ちょっとレトロな飲食店や喫茶店に入ると「昭和のまま時がとまったみたい・・・」とかいいたくなるじゃないですか。昭和っていうと古めかしくて、不便さがロマンチックで・・・っていうイメージがあるのかな。だけど昭和ってそんなにいい時代だったとは思えないと、この一冊を読んで思いました。

 

読んでいて「重い・・・・」と思った部分は理解に苦しんだ部分でもあるわけですが、やはり戦後に生まれて本当によかったと思いました。私も戦前に生まれていたら、こんな風に「天皇はえらくて自分は非力で・・・・」とか言いながら自害したのかなぁって考えたんだけど、どうなんだろう。もうこれって洗脳ですよね。

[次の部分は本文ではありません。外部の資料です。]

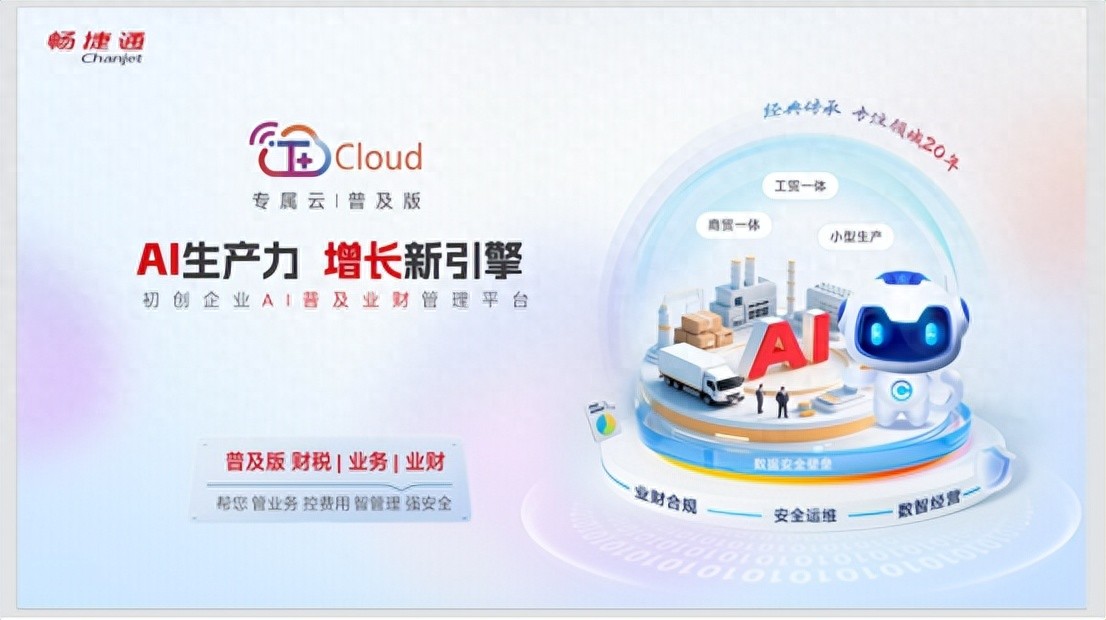 AI赋能业财一体化_小微企业财务数字化_小规模企业简易做账方法 降低财务难度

「永井のご両親様、先立つ不幸はお許しください。頼みがいのない娘とあきらめてください。井上が明朝出発します。私は軍人の妻としてこれ以上嬉しいことは御座いません。井上の身を護る為に私は逝きます」

「先立つ不幸をお許しください。お国のためにかげながらお祈りいたします。国家重大な際、皆様お国のためにお尽くしください」


「妹は戦争未亡人になった。この妹は姉の『手本』にならって夫のあとを追いたいと思ったが、親戚の人がそばにつききりで監視していて果たせなかったという」


「母上様、いよいよ最後の時が参りました。

大詔を奉戴致しまして天皇陛下のありがたき御言葉本当にもったいなくて身のおきどころもございません。でも私は最後までもっと頑張りたかったとそれのみです(中略)でも戦がこうなりましたのも私達人民の働きが、頑張りが足りなかったのです。それを思いますと私は軍人の妻としてどうして生きながらえていかれましょう。かねてより覚悟して参りました時が来たまでのことと思います」

昭和50年代生まれの私としては「あなたが死んでどうなる?」としか言えないのです。死んで何が解決するのか?腹切りってそんなに立派ですごいことだったのかと、今でも不思議に思います。
私の祖母は大正時代生まれでしたが、認知症がすすんで私の名前がすぐに口から出てこなくなっても、教育勅語は全部暗唱できました。そういうものを見ていて、昔の日本って北朝鮮(行ったことないけど)並みに息苦しかったんじゃないかと思いましたね。その時代に生まれ育っていたら、何の疑いもなく順応できていたのかもしれないけれど、私はやっぱり戦後に生まれて幸せだと思いました。